- [Dataset content]:
════
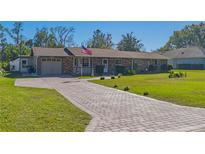 Brick home with paver driveway, mature landscaping, and American flag at 11418 Lake Eustis Dr, Leesburg, FL 34788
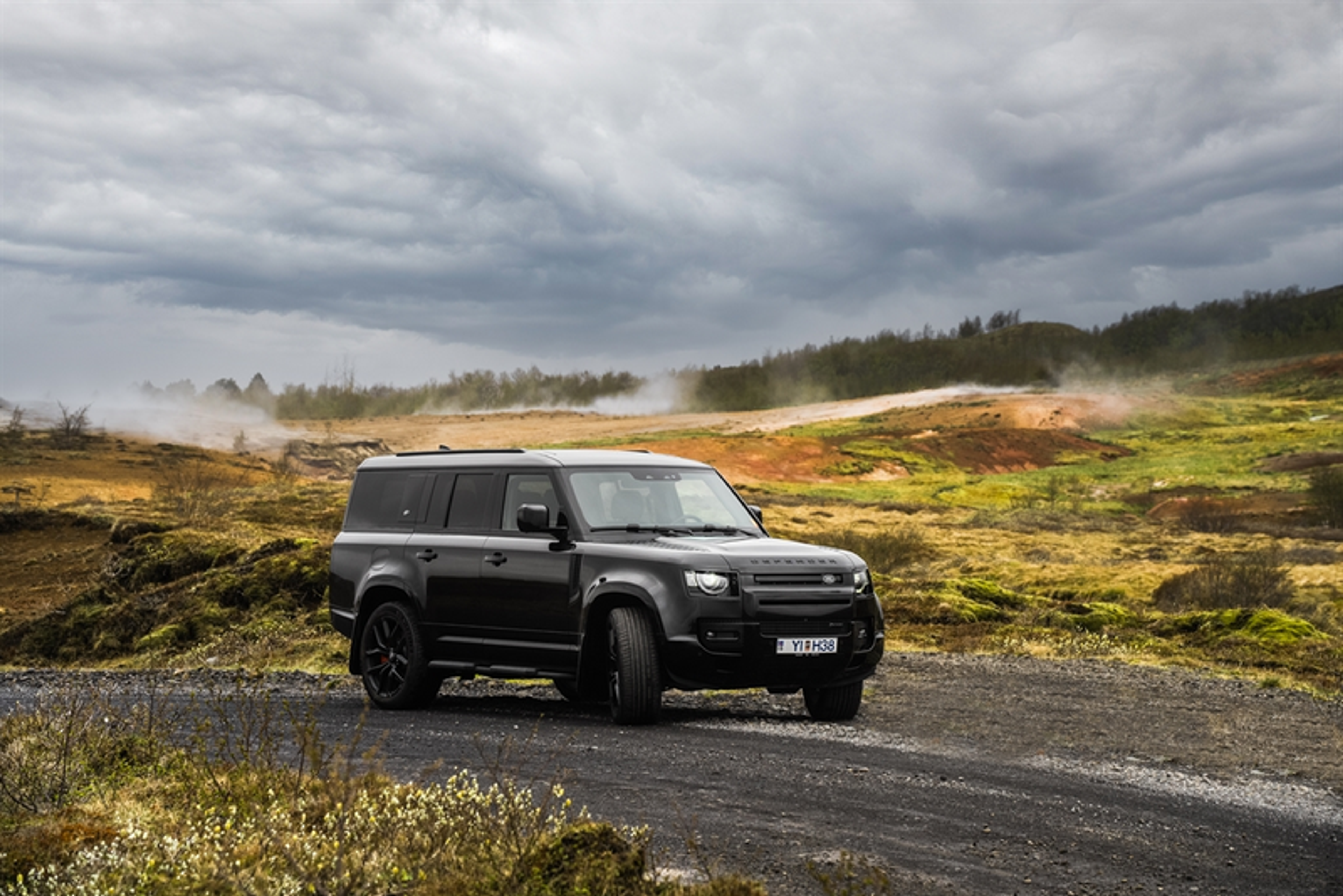 : A sleek black SUV on a rugged gravel road, surrounded by geothermal steam and vibrant Icelandic terrain under an overcast sky. Ideal for exploring the Golden Circle on a private tour.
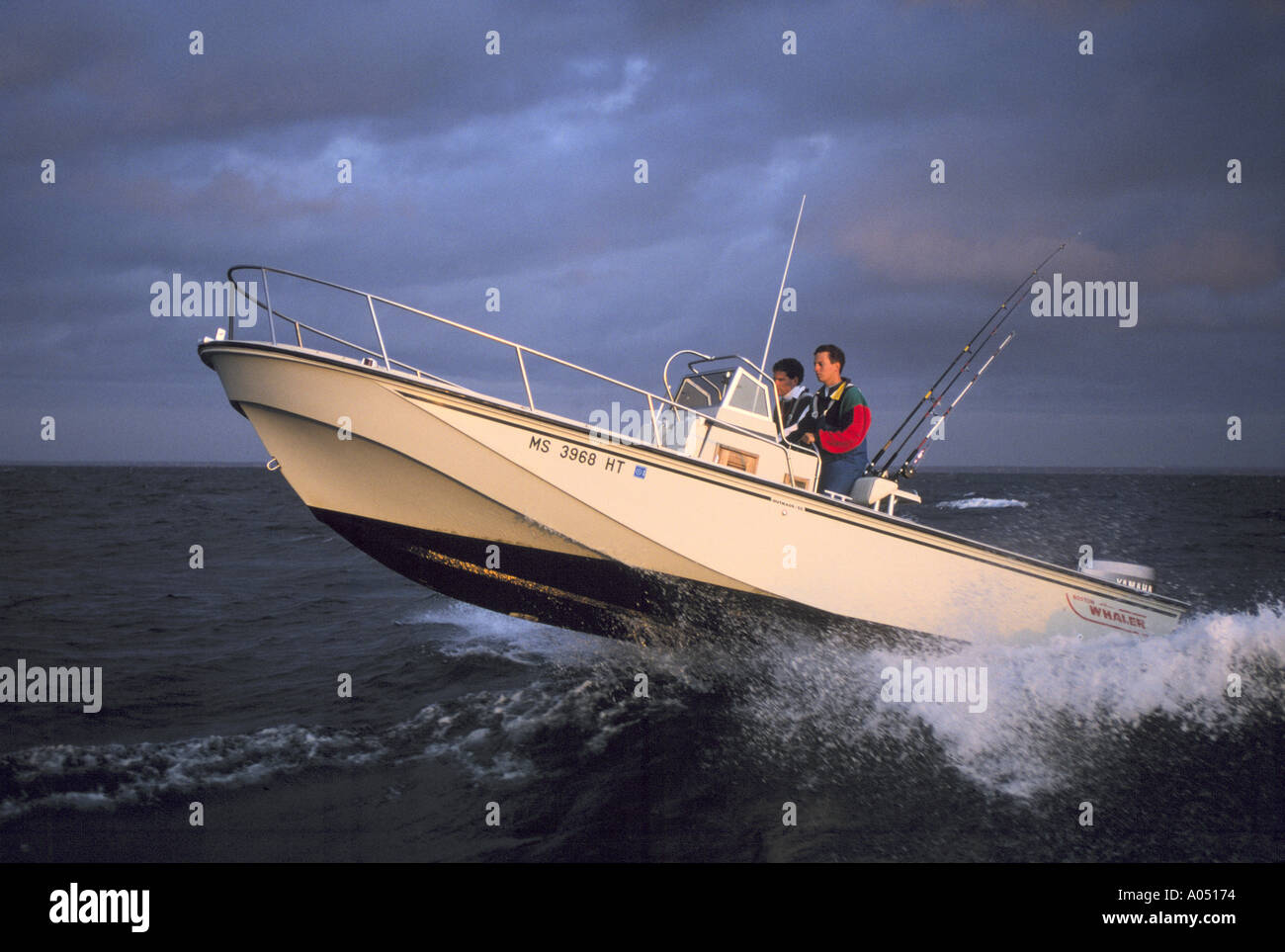 Boat in rough water Stock Photo Alamy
════
- [Goal of the exercise]:
Keep pictures out and return the lines from the one containing "a private tour." through the end of the listing, both included, character for character.

- [Expected answer]:
 : A sleek black SUV on a rugged gravel road, surrounded by geothermal steam and vibrant Icelandic terrain under an overcast sky. Ideal for exploring the Golden Circle on a private tour.
 Boat in rough water Stock Photo Alamy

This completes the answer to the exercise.